After conducting a hearing, the district court denied the motion to vacate, concluding that Blohm's claims were procedurally barred because he failed to raise them on direct appeal from his conviction and sentence. Alternatively, the district court determined that there were no violations of Blohm's constitutional rights, that Blohm's guilty plea was voluntary and that the discrepancies between Ritchey's affidavit and other records were "minor" and "immaterial." The district court denied Blohm's motion for reconsideration and Blohm appealed. In an unpublished opinion, we affirmed the district court's alternative holding. Blohm v. United States, 964 F.2d 1147 (11th Cir.1992) (per curiam).

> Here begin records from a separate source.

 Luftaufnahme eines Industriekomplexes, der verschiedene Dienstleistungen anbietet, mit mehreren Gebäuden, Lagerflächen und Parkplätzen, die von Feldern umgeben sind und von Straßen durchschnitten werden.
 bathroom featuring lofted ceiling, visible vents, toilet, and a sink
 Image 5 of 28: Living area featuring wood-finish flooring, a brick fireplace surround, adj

A. The Notice of Deficiency
Shortly after Blohm pled guilty in 1988, the Commissioner issued the Blohms a notice of deficiency for $269,035 of unreported income from the Cayman Islands kickback ($143,268) and the Kitchen Table kickback ($125,767). As to the former, the Commissioner alleged that Blohm applied his one-third share of the proceeds to cancel the debt he owed to the Stickelber Trust. The claimed tax deficiency totalled $133,749. The Commissioner further determined an addition to tax of $119,725 under 26 U.S.C. § 6653(b) 7. The determination was based upon Blohm's guilty plea, an affidavit of Ritchey and a letter from Stickelber to an IRS agent in which he linked Blohm to both the Cayman Island and Kitchen Table kickbacks. The Blohms petitioned for a redetermination before the Tax Court.

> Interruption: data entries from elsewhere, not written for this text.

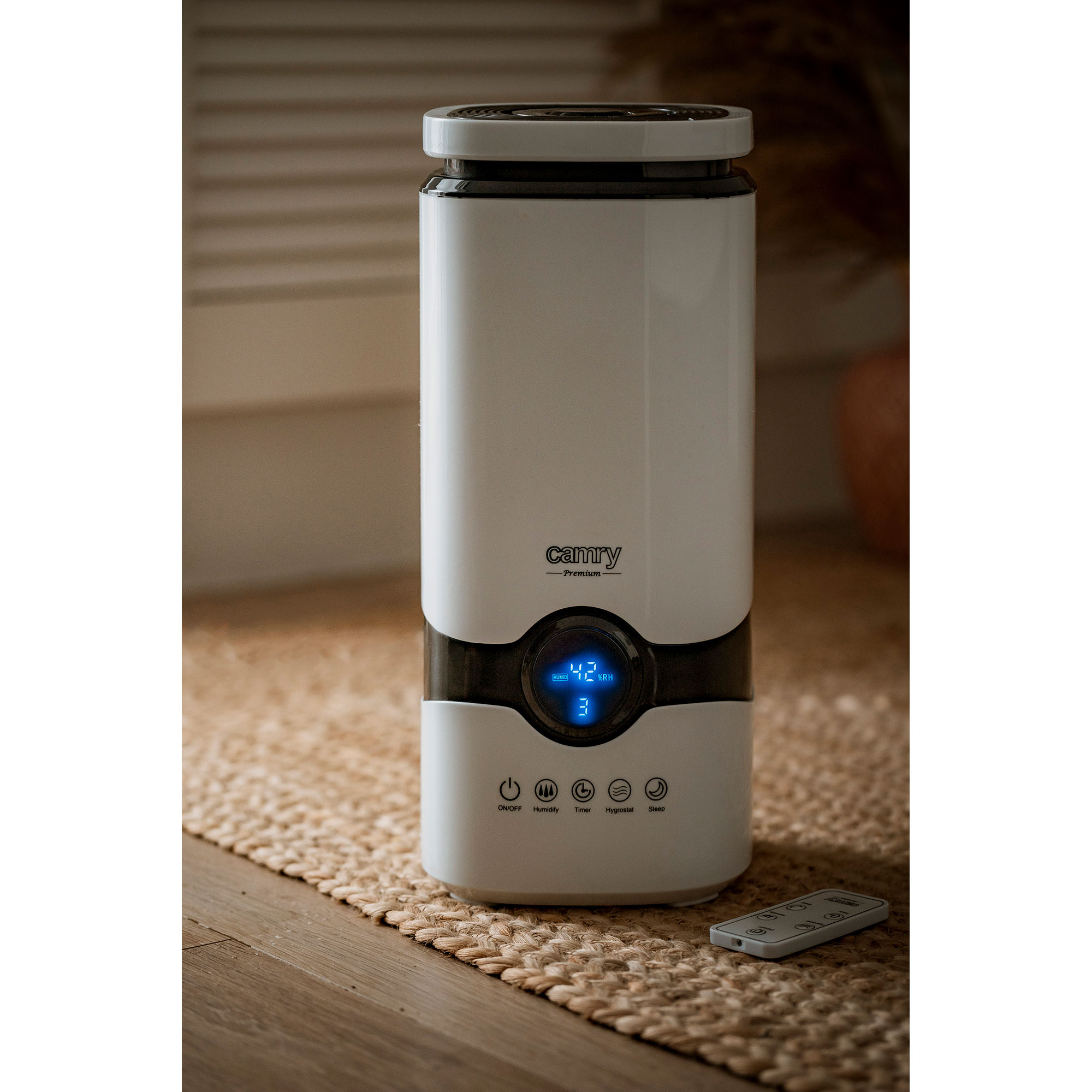 Biały nawilżacz z wyświetlaczem z numerami, na plecionej macie, z pilotem.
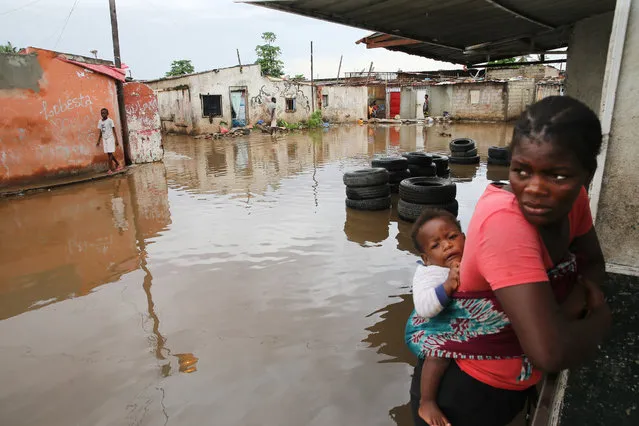 Flooded street in a Luanda neighborhood following the heavy rains that fell on 19 April that caused the death of 14 people and flooded mor​e than 16,000 houses, Luanda, Angola, 20 April 2021. (Photo by Ampe Rogerio/EPA/EFE)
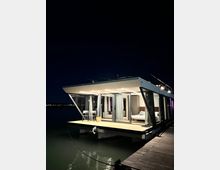 Casa galleggiante moderna ormeggiata a un pontile di legno di notte, con ampie vetrate e veranda illuminata affacciata sull’acqua. Interni visibili con tende bianche e arredi, sullo sfondo cielo scuro e luci lontane sulla riva.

B. Proceedings Before The Tax Court
Prior to trial the Blohms moved to strike Ritchey's testimony and to supplement the record. The government moved for relief from the binding effect of the parties' stipulation of facts. The Tax Court denied the Blohms' motion to strike Ritchey's testimony but granted their motion to supplement the record. The Tax Court denied as premature the government's motion for...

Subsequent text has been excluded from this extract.